Ma non dimenticherò mai quella volta in particolare perché la spaccatura non era mai stata così eclatante, così irrimediabile: loro non si capacitavano del mio entusiasmo, io non mi facevo una ragione della loro freddezza. Per me, che non ero romantica e non avevo nessuna idea in particolare dell’amore, era soprattutto la storia di una ragazza autentica, che si tirava fuori dall’angolo in cui la vita l’aveva messa e che non aveva avuto paura di trasformarsi, una che non aveva approfittato delle occasioni per sfruttarle, una che non si era sposata per finta, una il cui futuro, anche in coppia, immaginavo inconsueto e luminoso, poco scontato.
Come avrebbe portato il suo passato in giro in quel mondo di ricchi, che aveva sbugiardato come nella scena in cui tornava dalle commesse che l’avevano respinta per com’era vestita? Con quanta sicurezza crescente avrebbe risposto agli uomini che si sarebbero sempre sentiti autorizzati a violarla? Da lei non passava nulla, anche se non era un’eroina, ma soprattutto non sarebbe finita l’amicizia – forse la cosa che mi aveva più colpito del film, quell’amicizia tra ragazze che continuava nonostante lo squilibrio di potere.
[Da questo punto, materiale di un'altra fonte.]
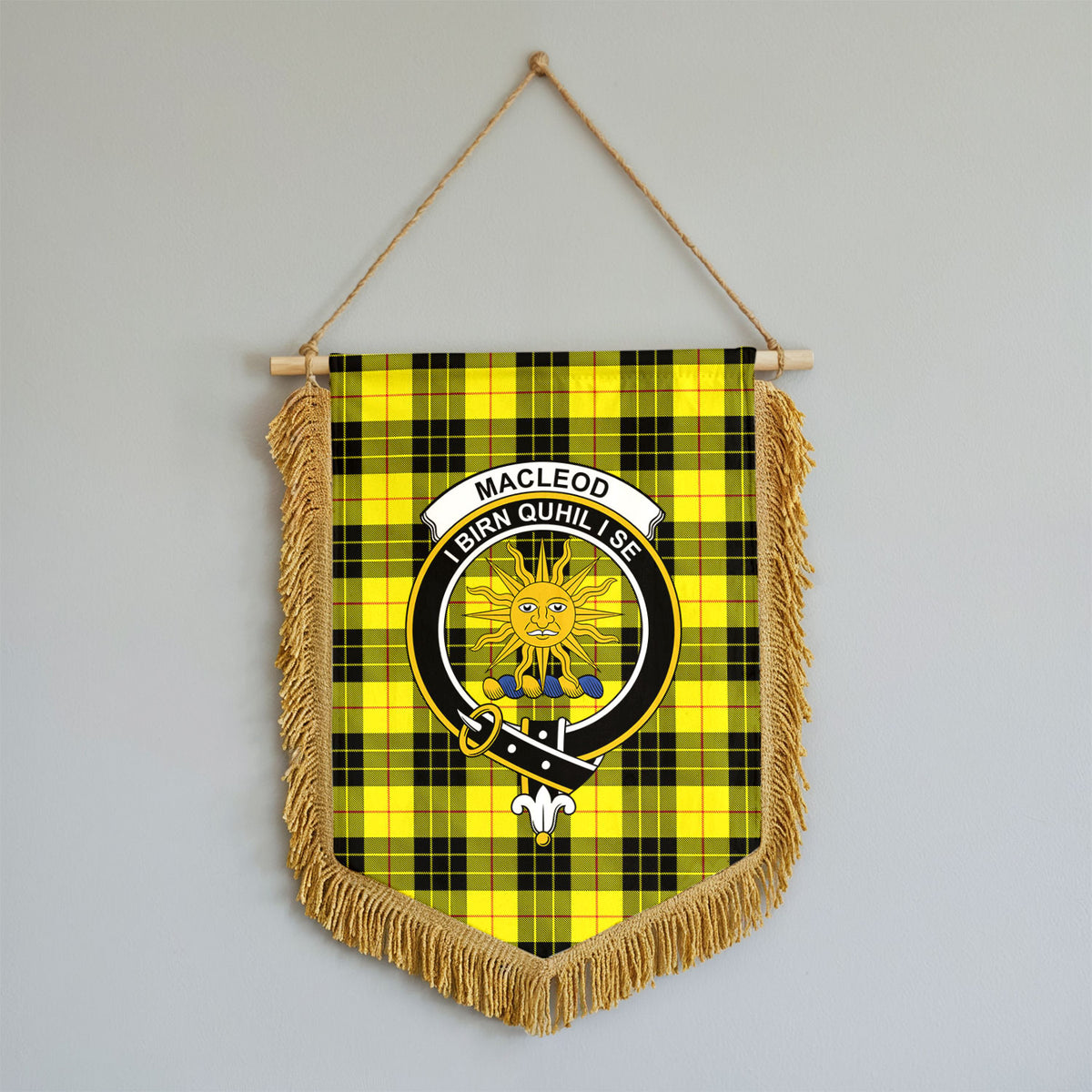 MacLeod of Lewis Modern Tartan Crest Wall Hanging Banner - Wood Pole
Julia Roberts era magra e con le gambe lunghe, aveva poco seno, ribadiva canoni in cui potevo ritrovarmi anch’io. Mi sembrava vicinissima, Richard Gere invece vecchio, ma buono (oggi se ci penso sorrido). Infine: Pretty Woman è una delle molte incarnazioni di Cenerentola, anzi per rubare una delle battute più citate del film, di “quella gran culo di Cenerentola”. Lo è in pieno stile anni Novanta, con quell’estetica e anche quell’etica. È un film divertente e commovente anche alla milionesima visione, anche adesso che è di repertorio e anni luce lontano dalle ragazze di oggi – ma così vicino, insopportabilmente vicino, a quelle di ieri.